• Task
When you reach the line that contains "Auf dem Bild", please begin copying, and carry on exactly to the last line of the material, leaving out every picture.

• Material for this exercise

□ □ □ □ □ □ □

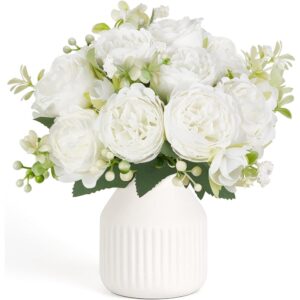 White artificial peonies in a ribbed ceramic vase (23cm)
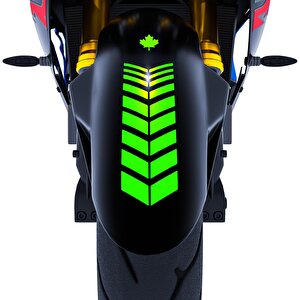 Moto Rider 4'lü Sticker Seti Floresan Yeşil İç Dış Jant Şeridi Kask Ve Çamurluk Çınar Extreme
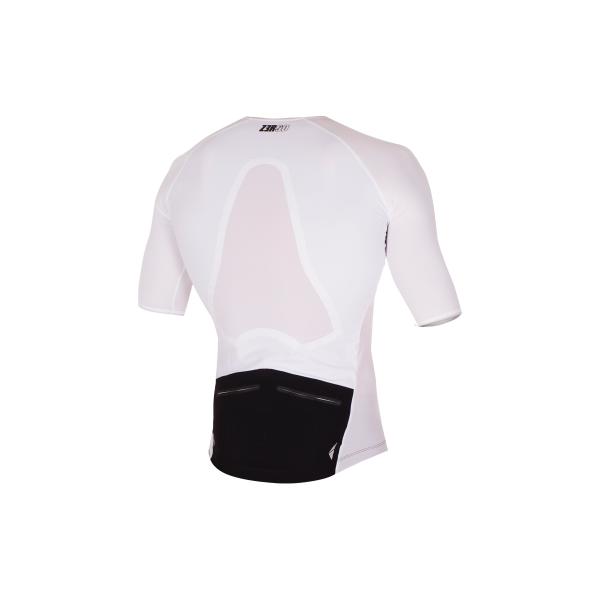 ttSINGLET Racer homme | Z3R0D - haut de triathlon à manches noir et blanc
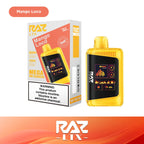 RAZ LTX Mango Loco disposable vape mod and packaging on a white background from the Front View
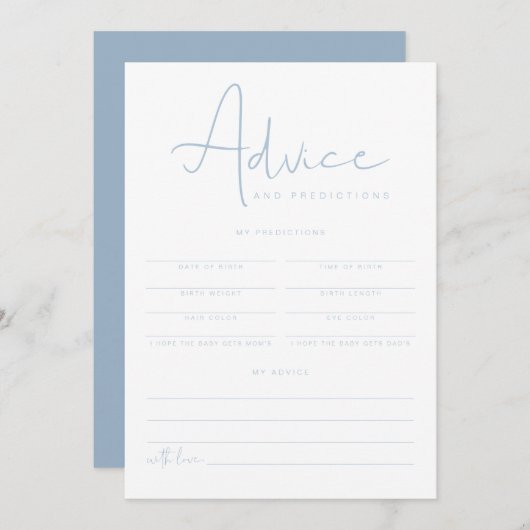 LEAH Vibrant Blue Baby Advice en Predication Kaart (Voorkant / Achterkant)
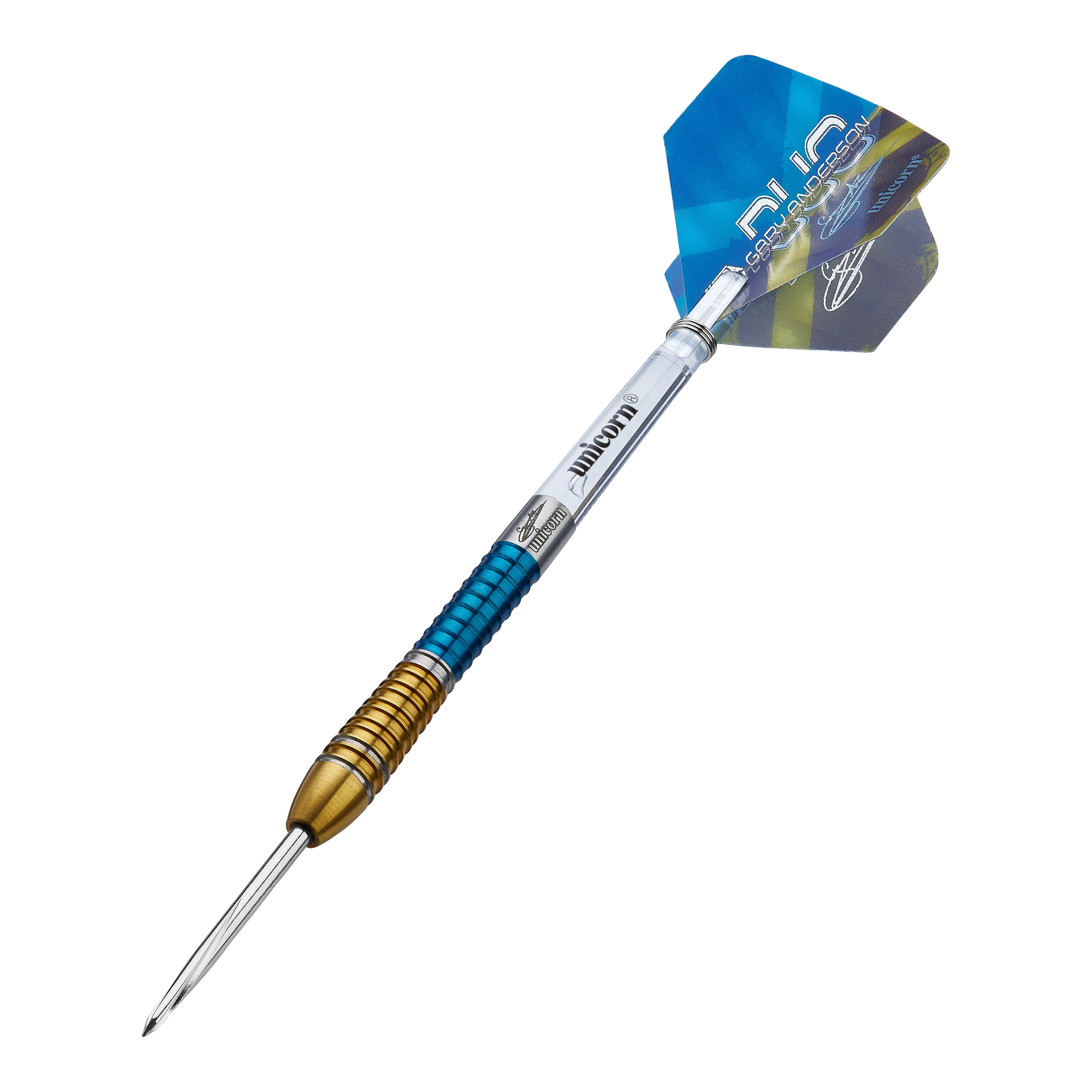 Auf dem Bild ist ein Unicorn Gary Anderson Duo Phase 6 Steeldart zu sehen. Der Dart hat ein farbiges Design mit goldenen und blauen Akzenten sowie einer blauen Flightscheibe.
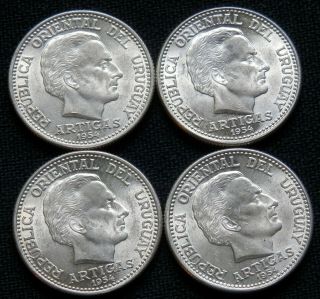 Uruguay,  4 Brilliant Uncirculated (bu) 20 Centimos 1954 Silver Coins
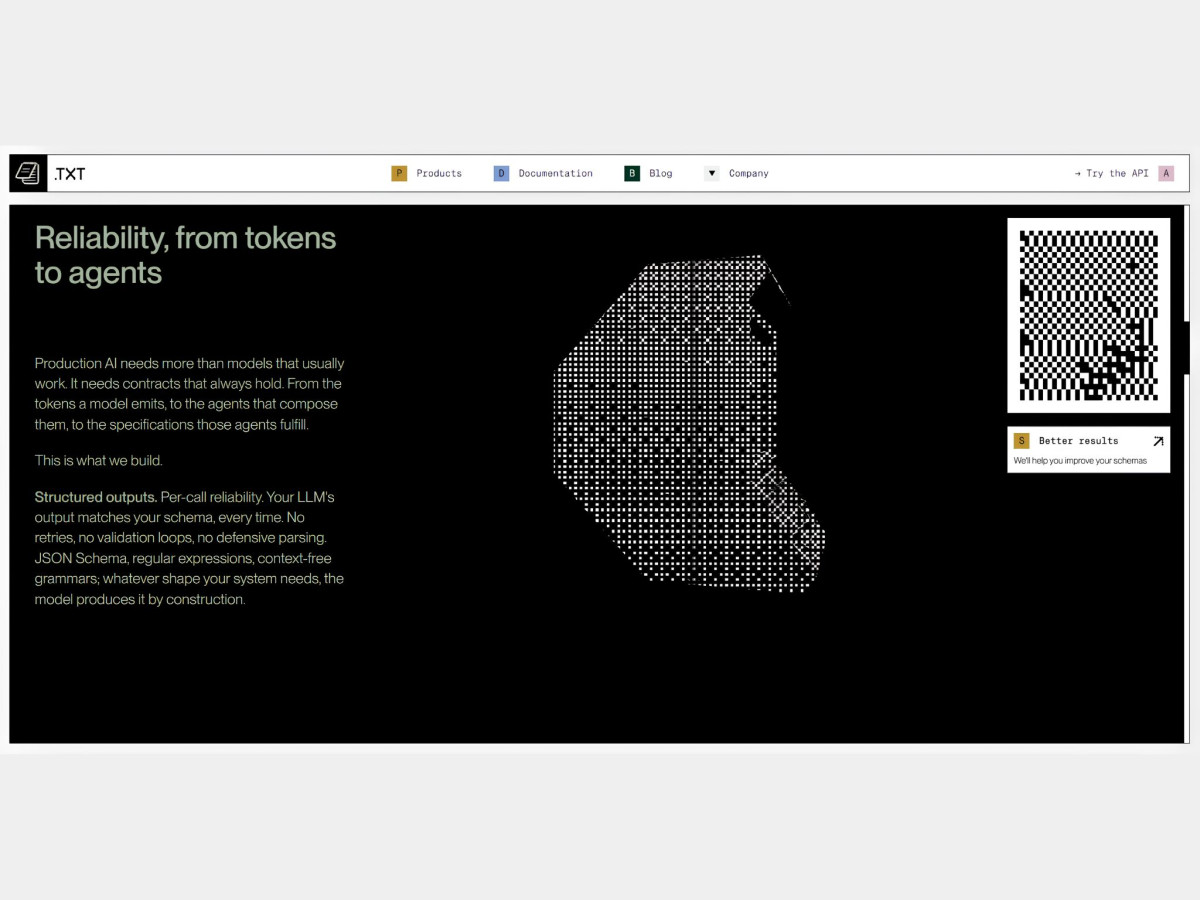 Dark-themed .TXT website homepage featuring text and abstract pixel art.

□ □ □ □ □ □ □

• Task output
 Auf dem Bild ist ein Unicorn Gary Anderson Duo Phase 6 Steeldart zu sehen. Der Dart hat ein farbiges Design mit goldenen und blauen Akzenten sowie einer blauen Flightscheibe.
 Uruguay,  4 Brilliant Uncirculated (bu) 20 Centimos 1954 Silver Coins
 Dark-themed .TXT website homepage featuring text and abstract pixel art.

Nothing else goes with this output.